By Fatik Al-Rodaini
Sana'a, March 2, 2012 -
Sa'ada province, in Yemen's northern province witnessed on Friday a bomb blast hit an anti-U.S. protest, wounding at least 22 people.
No one claims its responsibility for the attack, but Houthi group accused in a statement the United States of standing behind the attack, without elaborating further details.
However, Houthis who control much of the north of the country, on Yemen's northwestern border with Saudi Arabia, have their real enemies and they are prime targets for AQAP and Sunni groups, who have a difference ideological, intellectual and doctrinal with Houthis.

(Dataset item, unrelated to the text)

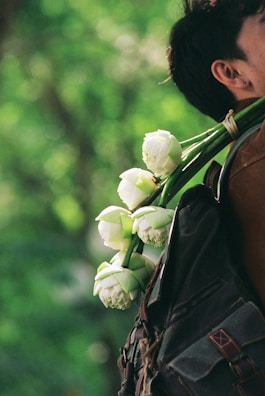 Ta meri bags displayed alongside lotus flowers symbolizing heritage and strength.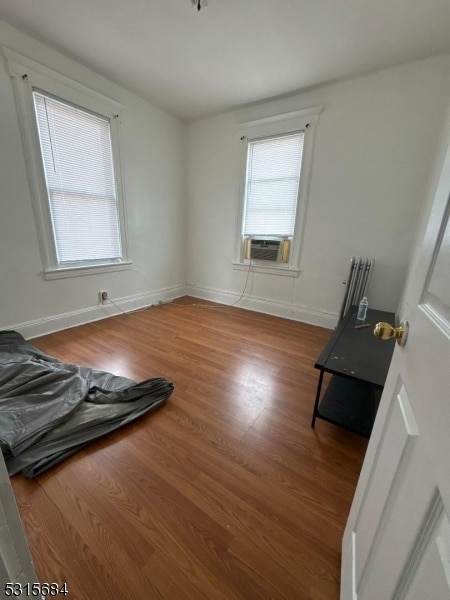 interior space featuring radiator heating unit, cooling unit, and hardwood / wood-style floors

Houthis always accuse the U.S intelligence agencies of carrying out attack against Shi'ite group. According to analysts the attack was intended to provoke sectarian divisions between Yemenis, and bore the hallmarks of the resurgent Al-Qaeda in the Arabian Peninsula (AQAP), because the AQAP carried out three similar attacks against the Houthi Group in Saada and Jawf provinces last the two years.
The Shiite rebels led by Saada-based Abdulmalik al-Houthi opposed the political-settlement deal that swore in the country's consensus President Abd-Rabbu Mansour Hadi and ended almost a year of protests against former President Ali Abdullah Saleh.
In recent months, the region has seen bouts of fighting between the Houthis and Sunni Muslims espousing puritanical Salafi doctrines influential in Saudi Arabia. The Houthis have accused Riyadh of arming their foes.
The Houthi-led rebels have been engaging in severe sectarian conflicts for several months with Sunni fundamentalists in Saada and neighboring provinces of Hajja and Jawf that left hundreds of people killed and forced thousands of residents to flee their villages.
Yemen has witnessed sporadic battles since 2004 between government troops and rebels. The government has been accusing the rebels of seeking to re-establish the clerical rule overthrown by the Yemeni revolution in 1962 that created the Yemeni republic.